*PROVIDED MATERIAL:*
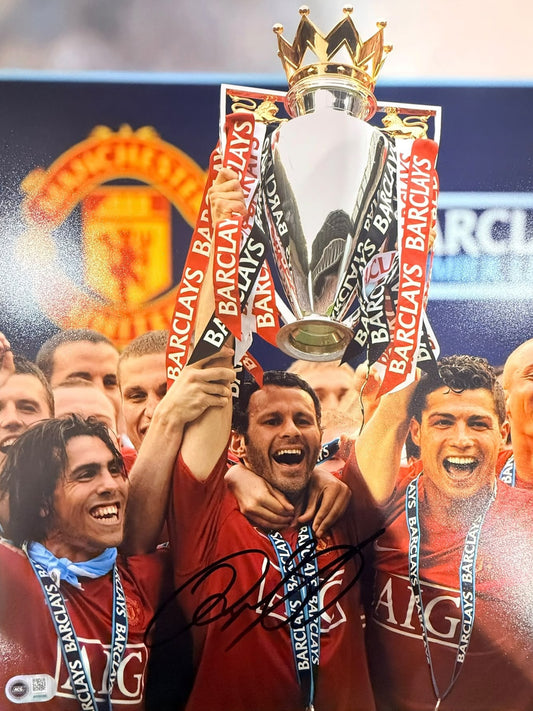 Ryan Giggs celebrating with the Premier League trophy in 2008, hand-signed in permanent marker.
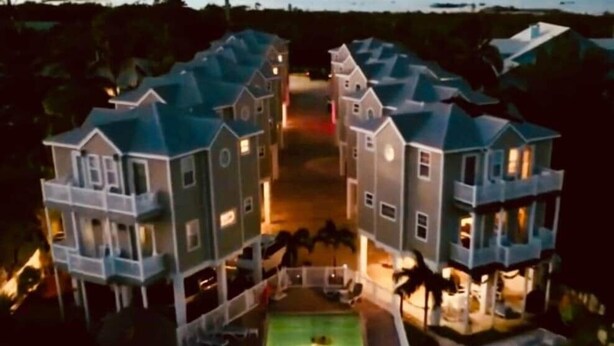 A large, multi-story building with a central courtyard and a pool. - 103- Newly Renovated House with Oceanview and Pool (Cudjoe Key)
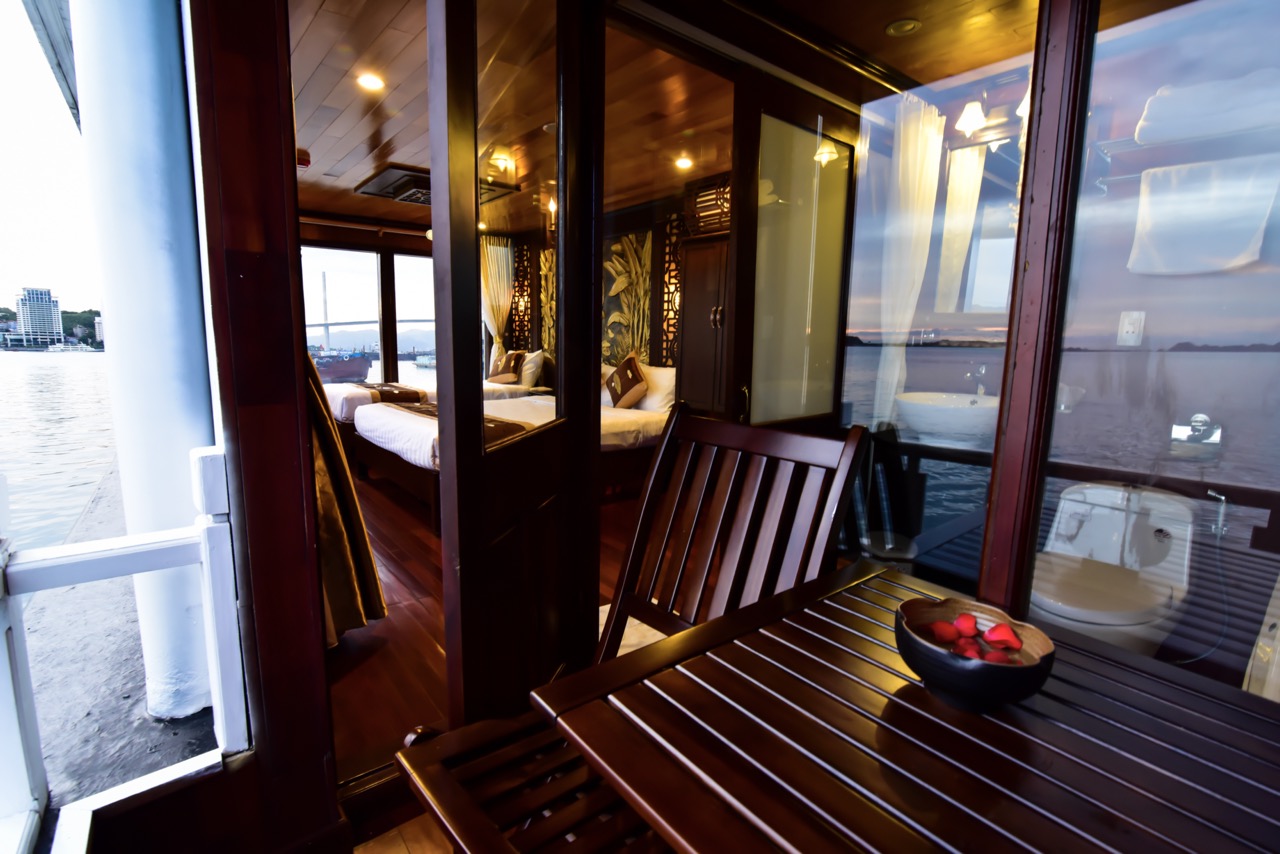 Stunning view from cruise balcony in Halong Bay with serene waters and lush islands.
==
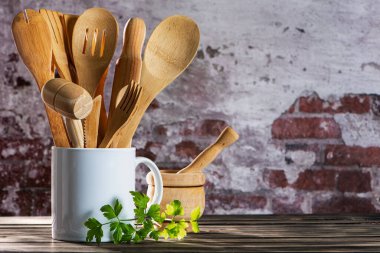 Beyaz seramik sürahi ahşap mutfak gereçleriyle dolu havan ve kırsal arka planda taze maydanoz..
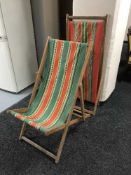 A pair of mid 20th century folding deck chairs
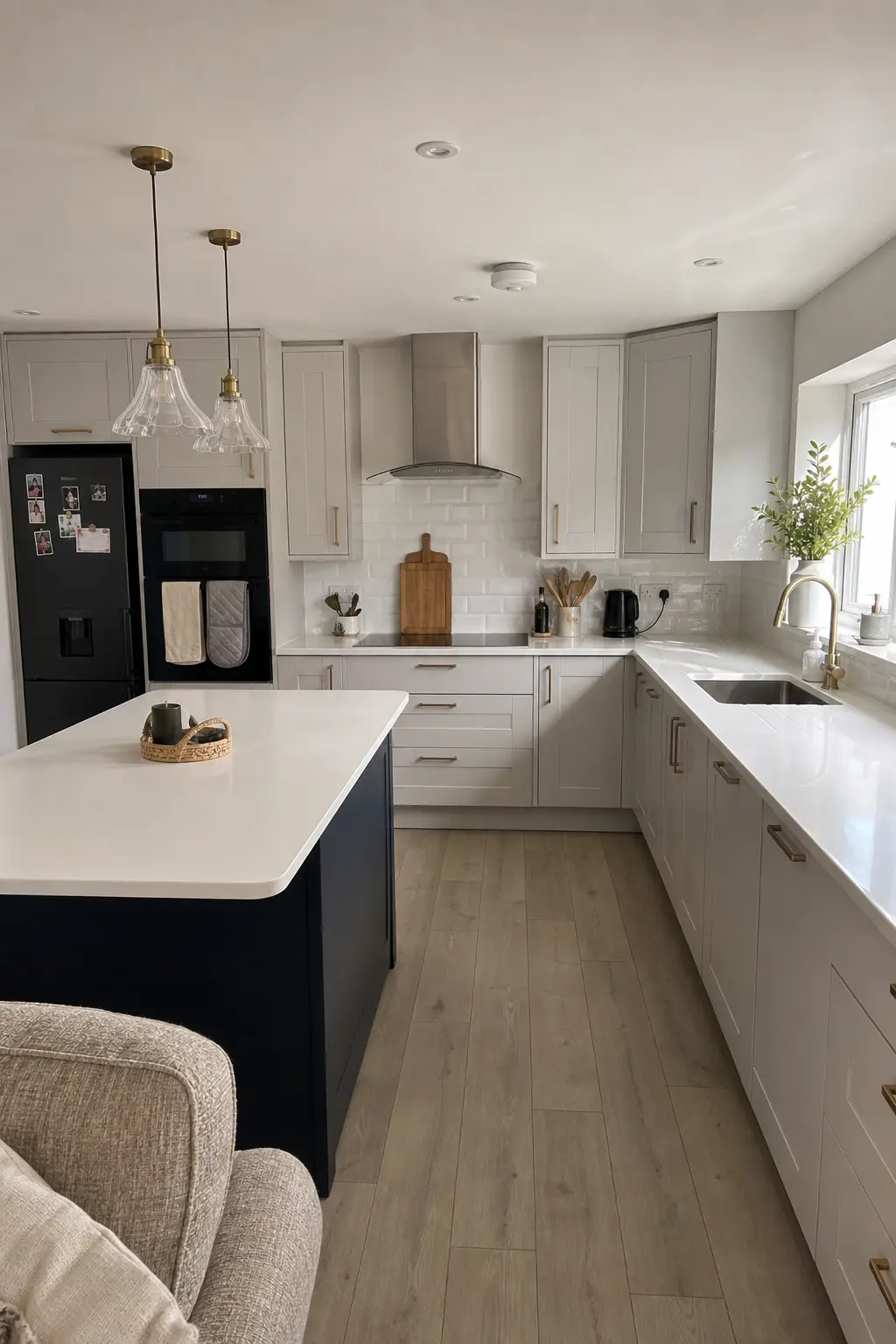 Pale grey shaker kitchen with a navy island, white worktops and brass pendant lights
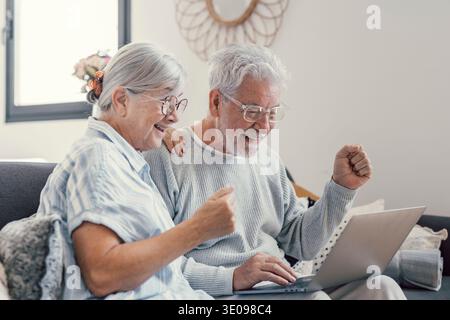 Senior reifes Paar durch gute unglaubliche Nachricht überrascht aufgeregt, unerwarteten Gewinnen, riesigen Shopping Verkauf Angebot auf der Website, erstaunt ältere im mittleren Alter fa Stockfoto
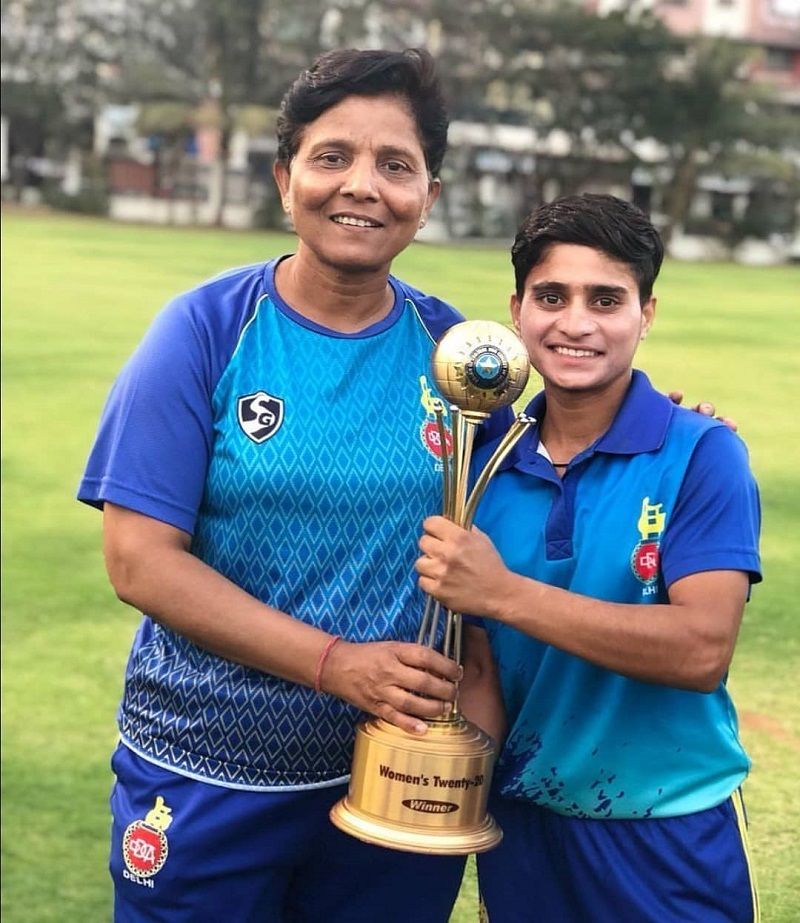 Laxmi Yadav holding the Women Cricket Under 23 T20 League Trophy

*EXERCISE DETAILS:*
What is needed is an exact copy of only the lines above from the one with "A pair of mid" to the one with "Laxmi Yadav holding", both kept, with every picture left out.

*ANSWER BELOW:*
 A pair of mid 20th century folding deck chairs
 Pale grey shaker kitchen with a navy island, white worktops and brass pendant lights
 Senior reifes Paar durch gute unglaubliche Nachricht überrascht aufgeregt, unerwarteten Gewinnen, riesigen Shopping Verkauf Angebot auf der Website, erstaunt ältere im mittleren Alter fa Stockfoto
 Laxmi Yadav holding the Women Cricket Under 23 T20 League Trophy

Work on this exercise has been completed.